Utah Jazz forward Bojan Bogdanovic (44) reacts after scoring from a three-pointer during an NBA game against Charlotte Hornets at Vivint Arena in Salt Lake City on Monday, Dec. 20, 2021.

Utah Jazz forward Bojan Bogdanovic (44) reacts after scoring from a three-pointer during an NBA game against Charlotte Hornets at Vivint Arena in Salt Lake City on Monday, Dec. 20, 2021. (Shafkat Anowar, Deseret News)



Estimated read time: 4-5 minutes

SALT LAKE CITY — Charlotte Hornets coach James Borrego knew what he would have liked to do to guard Utah's currently historic offensive attack.

"You take away 3s, if you can just play the pick and roll, two on two," Borrego said before Monday's game. "You've got to have personnel that can get through pick and roll and square the ball up and play back at the rim."

It sounds simple enough, but then came the sobering admission: "I'm not sure that's been our strength."

It sure wasn't on Monday in Utah's 112-102 win over Charlotte at Vivint Arena. The Hornets played a lot of zone against the Jazz, and then threw some switches and drop-big looks, too. None of it was too effective.

The Jazz broke the paint against the zone, Rudy Gobert punished the switches and the Jazz did what they always have against drop big; but the game wasn't the runaway blowout it looked to be after the Jazz outscored the Hornets by 19 in the first quarter.

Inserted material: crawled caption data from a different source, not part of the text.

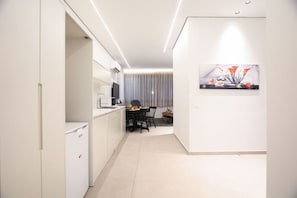 Une cuisine moderne avec des meubles blancs, un coin repas comprenant une table et des chaises, et un espace de vie doté d’une grande fenêtre et d’un tableau au mur.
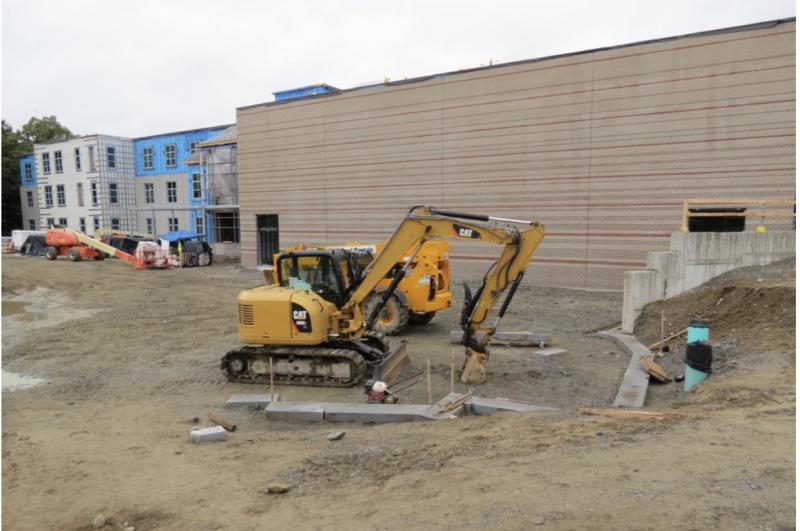 The large window-less (saving money!) wall is the gym with completed exterior siding. To the left is the academic wing. In the space in front of the backhoe and dumptruck is the cement wall that will become the climbing wall and some of the granite edging of the playground has been installed in the center. )Photo courtesy Tom McNealy)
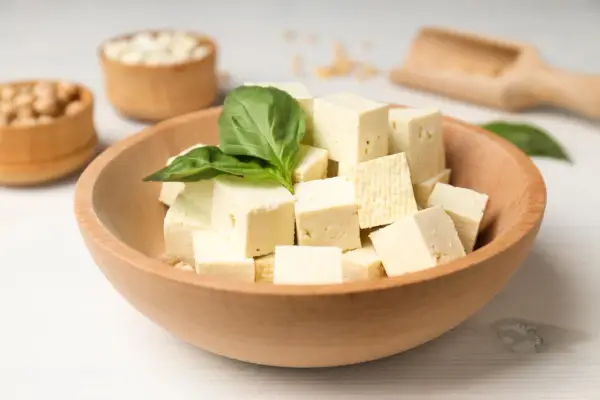 Kostki tofu w drewnianej misce z bazylią. Czy tofu można jeść na surowo? Tak, to idealny składnik do sałatek i przekąsek.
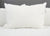A large, fluffy white Pillowtex Triple Core Lyocell Pillow | Medium Support by Pillowtex sits upright on a white bed with a quilted comforter and gray upholstered headboard, offering great neck support and featuring a small tag on the edge.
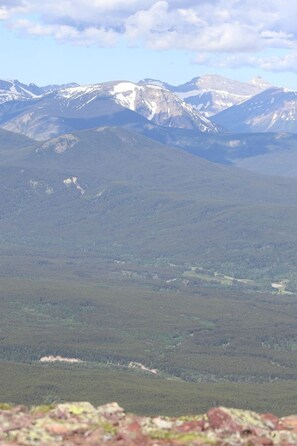 A mountainous landscape with snow-capped peaks and dense forest.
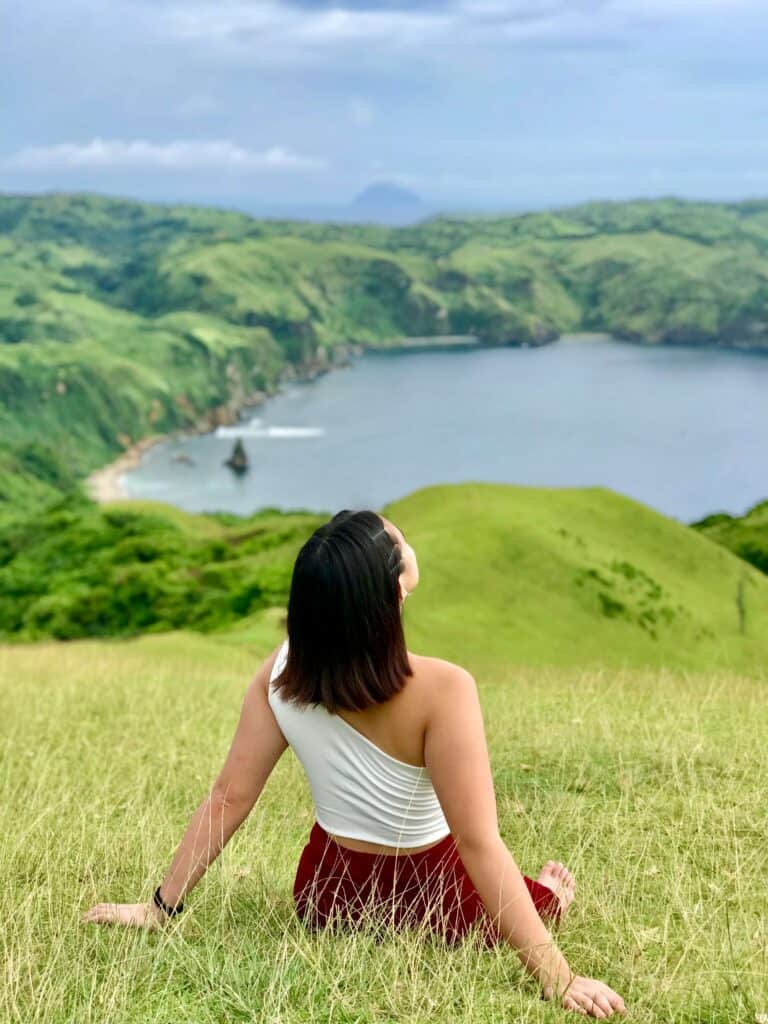 Rachel Bomogao Obo-ob taking in the coastal landscape of Batanes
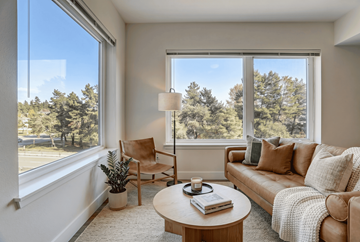 Seattle apartment for rent - A living room with a couch, chair, and a table with a book on it.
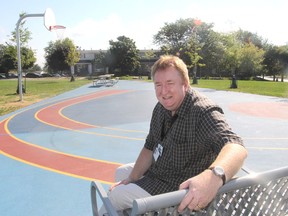 Kingston Community Health Centres' Stafford Murphy sits on a bench in the centres' new parkette on Weller Avenue in Kingston. (Michael Lea/The Whig-Standard)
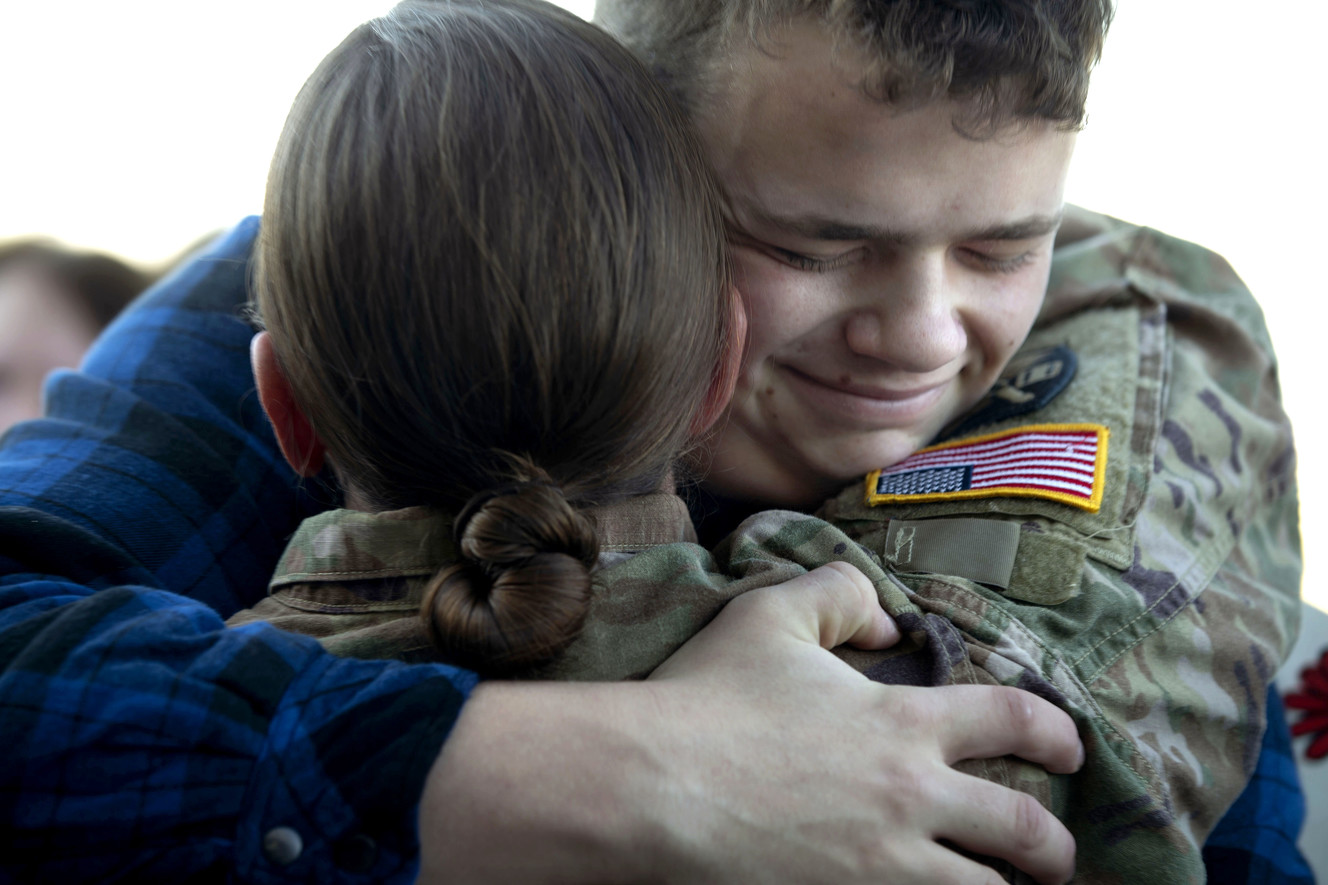Bradley Winters hugs his sister, Utah Army National Guard Sgt. Jullienne Labrum at the Utah Air National Guard’s Roland R. Wright Air Base in Salt Lake City on Thursday, Jan. 31, 2019, after the 65th Field Artillery Brigade returned from a more than 10-month deployment in the Middle East. (Photo: Laura Seitz, KSL)
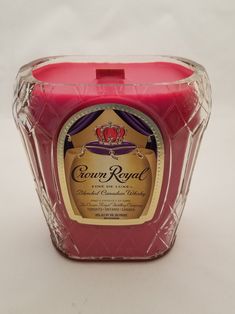 a pink candle in a clear container on a white surface with the label crown royal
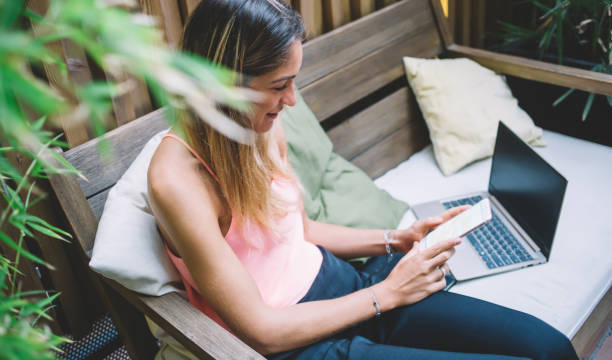 istock Positive woman using smartphone on terrace 1407264656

There was a fourth tactic Borrego probably didn't count on: Utah missing a lot of wide open shots.

It's pretty unusual for a team to shoot 35% from the field and 30% from the 3-point line and think, "Yeah, we played pretty good." That was the case for the Jazz (21-9) Monday.

Good ball movement led to consistently good shots. Open layups, floaters, open corner 3s, everything the Jazz wanted, they got; they just couldn't make much.

"A lot of the shots we missed were really clean and good 3s," Jazz coach Quin Snyder said. "They started to really stay home on shooters — we were able to get to the rim."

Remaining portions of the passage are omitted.